Les synthèses, attendues dans ce type d’introduction, sont articulées les unes aux autres, moins dans l’intention de présenter successivement des thèses et des arguments que de mettre au jour la façon dont ces pensées se répondent les unes aux autres – même si elles doivent également être replacées dans leur cadre historique pour être pleinement comprises. Christian Ruby donne ainsi à comprendre ce que la philosophie de Machiavel a de franchement novateur en évoquant son adaptation « des principes galiléens à l’intelligibilité du politique » et l’autonomisation de la philosophie politique par rapport à la théologie et de la morale. De même, l’auteur retrace la perspective selon laquelle les pensées de Montesquieu ou Adam Smith parviennent à se passer du contractualisme pour penser la société et l’Etat en s’appuyant sur la coutume ou l’intérêt. Il expose également avec nuance les enjeux de La Cité de Dieu d’Augustin, et met en rapport la célèbre distinction entre les deux cités avec la volonté de l’évêque « de récupérer dans l’Eglise l’autorité romaine de la fondation ».

L’enjeu de l’émancipation

On notera des développements originaux qui accordent une place et une importance significatives à l’utopie, au socialisme utopique et à Proudhon, dans ce qui le rapproche de Marx et Engels comme dans ce qui l’oppose à eux. Du côté de ce qui rapproche l’utopie de Proudhon et Marx : l’idée que la pratique politique n’est pas réductible au seul exercice d’une simple volonté, dans la mesure où elle est première et où « l’administration des choses doit remplacer le gouvernement des humains, sans pour autant annoncer la fin de l’histoire, mais en annonçant la fin d’une histoire » et, finalement, l’idée que ce n’est pas à la philosophie mais aux hommes, acteurs sociaux, de conduire ce changement. A l’inverse, le fédéralisme de Proudhon mène à l’anarchie, contre le communisme de Marx et Engels. L’auteur consacre aussi de brillantes synthèses à Habermas, Tocqueville ou à l’ordre de la cité musulmane médiévale.

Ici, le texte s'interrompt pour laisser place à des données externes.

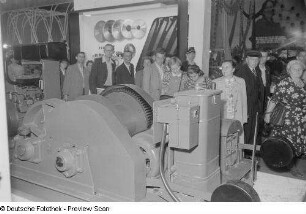 Besucher der Technischen Messe 1953 an Ständen mit Sägeblättern sowie einer Werkzeugmaschine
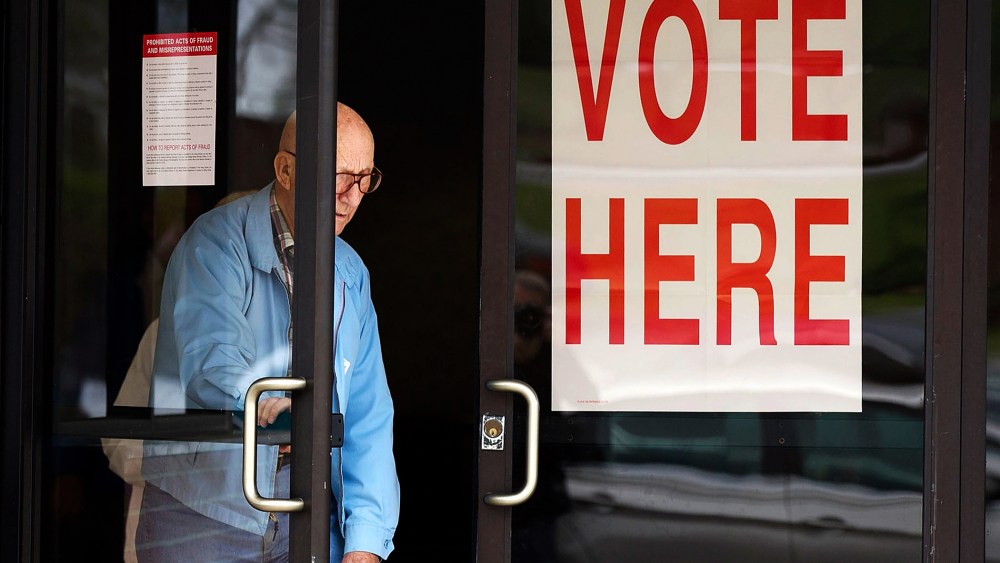 A voter leaves the First Baptist Church Pelham Annex after casting his ballot in the Republican Presidential Primary March 13, 2012 in Pelham, Ala. (Photo by Win McNamee/Getty)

Par ailleurs, le dernier chapitre, en montrant qu’un des enjeux de la philosophie politique récente est la prise de conscience que toutes les questions peuvent être légitimement politisées, propose une perspective singulière sur l’histoire politique contemporaine. Une telle perspective invite à repenser l’émancipation, qui ne doit plus être – comme elle l’était pour les Lumières et, quoique différemment, pour les marxistes – quelque chose qu’on apporte aux autres : la tâche de la philosophie politique contemporaine est de penser l’émancipation comme le geste par lequel chacun doit interroger et rendre politique une question qui, au premier abord, pouvait sembler ne pas l’être. La plus actuelle de ces questions est peut-être la libération des femmes : en l’espèce, le slogan « le privé est politique » ou « le personnel est politique » atteste de la politisation de la question de la place des femmes dans la société depuis les années 1960. Mais Christian Ruby évoque encore l’écologie, la critique de la gestion urbaine, etc.

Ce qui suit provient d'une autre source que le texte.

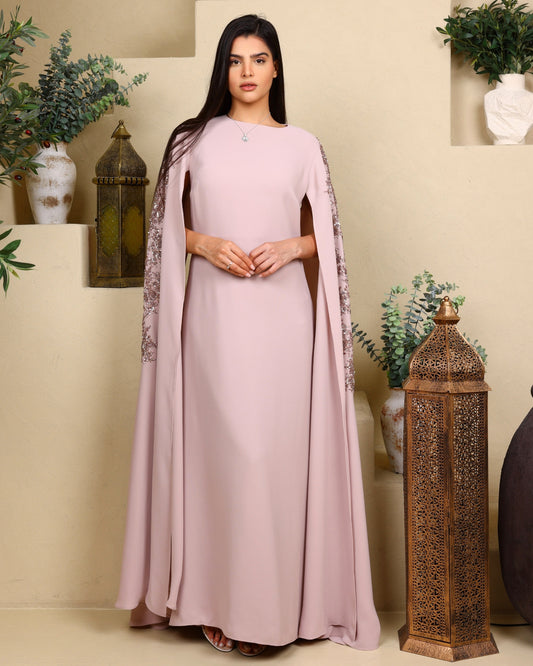 Woman wearing a long, light pink dress with a cape in a decorated indoor setting.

En la matière, il reprend la pensée de Jacques Rancière (sur laquelle il a déjà écrit) en soulignant qu’elle « valorise l’émancipation dans sa philosophie générale, en condamnant l’idée selon laquelle le marxisme comme la sociologie pourraient émanciper qui que ce soit. Tous deux réduisent les individus à des déterminations inflexibles ». C’est pourquoi Rancière en vient à distinguer la politique de ce qu’il appelle la « police ». Cette dernière est à entendre comme ce qui a pour but de « structurer un espace commun dans lequel la domination apparaît fondée sur un système d’évidences sensibles » qui apparaissent comme naturelles et nécessaires, tandis que la politique proprement dite « révèle la structure polémique d’une communauté ». Car ce qui est premier, c’est le conflit, la lutte, et ces dernières sont nécessaires, elles s’expriment dans ce que C. Ruby nomme le « cri » : cri qui témoigne de la possibilité de contestation des idées et droits.

Enfin, les dernières pages consacrées au terrorisme et à la possibilité de son étude dans le champ de la philosophie politique pointe du doigt des questionnements que la philosophie politique n’a à ce jour qu’ébauchés, et qu’il lui revient à présent de prendre à son compte.